Created on 06-05-2020 03:55 AM - last edited on 03-16-2022 10:41 AM by ask_bill_brooks
I read that Spark SQL has three complex data types: ArrayType, MapType, and StructType. When would you use these? I'm confused because I was taught that SQL tables should never, ever contain arrays/lists in a single cell value, so why does Spark SQL allow having arraytype?
Created 06-05-2020 04:49 AM
Hi,
Complex types are generally used to aggregate the characteristics of an object, for example:
Based on: https://impala.apache.org/docs/build/html/topics/impala_struct.html#struct
type:
current_address STRUCT <
street_address: STRUCT
<street_number: INT,
street_name: STRING,
street_type: STRING>,
country: STRING,
postal_code: STRING>
So now we have the 'current_address' attribute and its members grouped.
This is not only organizational, but also has an impact on the performance of the processes related to this table.
When you want to retrieve a data it can be done like this:
SELECT id, name,
current_address.street_address.street_number,
current_address.street_address.street_name,
current_address.street_address.street_type,
current_address.country,
current_address.postal_code
FROM struct_demo;
Despite the example they are giving, it refers to Apache Impala the concept is the same applied to Spark.
Hope this helps.
Created 03-16-2022 01:42 AM
In general, different tasks necessitate varying degrees of flexibility.
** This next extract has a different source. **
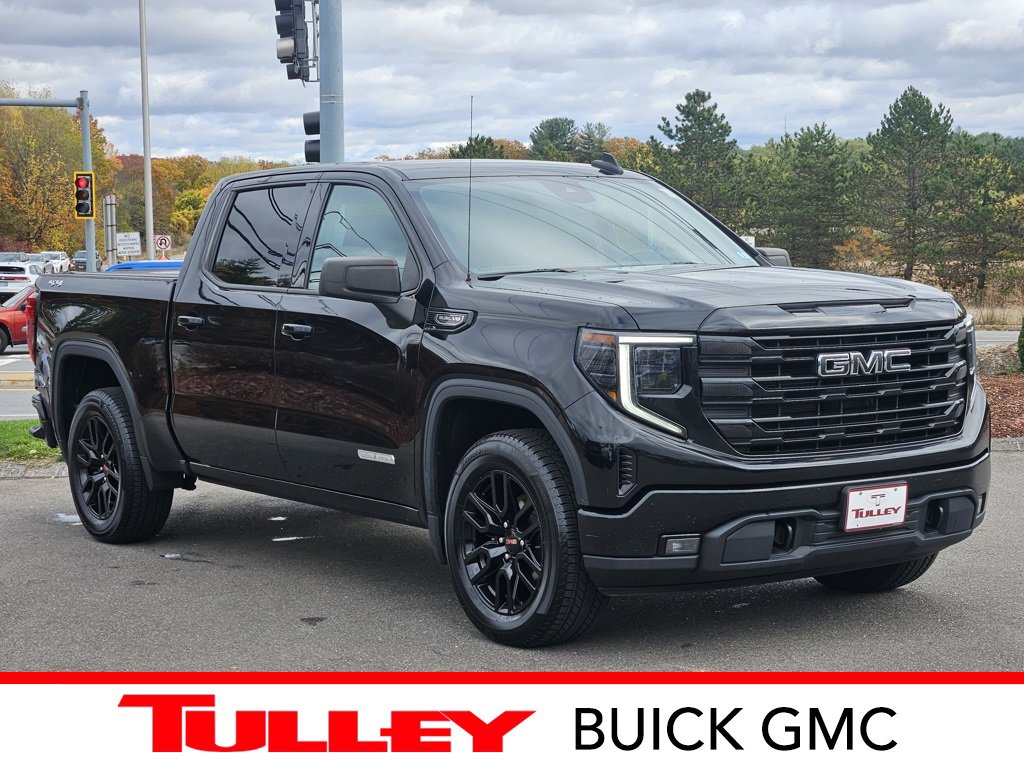2022 GMC Sierra 1500 Elevation's photo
I've used them on datasets with varied column counts, where the first n columns are always the same, but the next n columns range from 3 to 500. Placing this into a DataFrame with an ArrayType column allows you to do any usual Spark processing while maintaining the data attached. If necessary, other processing steps can explode the array to separate rows, or I can access the complete set.
Created 04-04-2022 07:07 AM
Spark SQL Complex Datatypes would be used in Case of Complex or Custom Requirements, where you would like to provide schema to your unstructured data, or sometimes even semi structured or structured data as well, you will also use these in Custom UDF's where you would use windowed operation and write you own advanced custom logics, and in Spark SQL you would explode that complex structure to get Dataframe's column.
Use-Case may vary depending upon the requirement but underlying concept would remain same as in any programming language to handle data based on data-structures for which specific type is designed.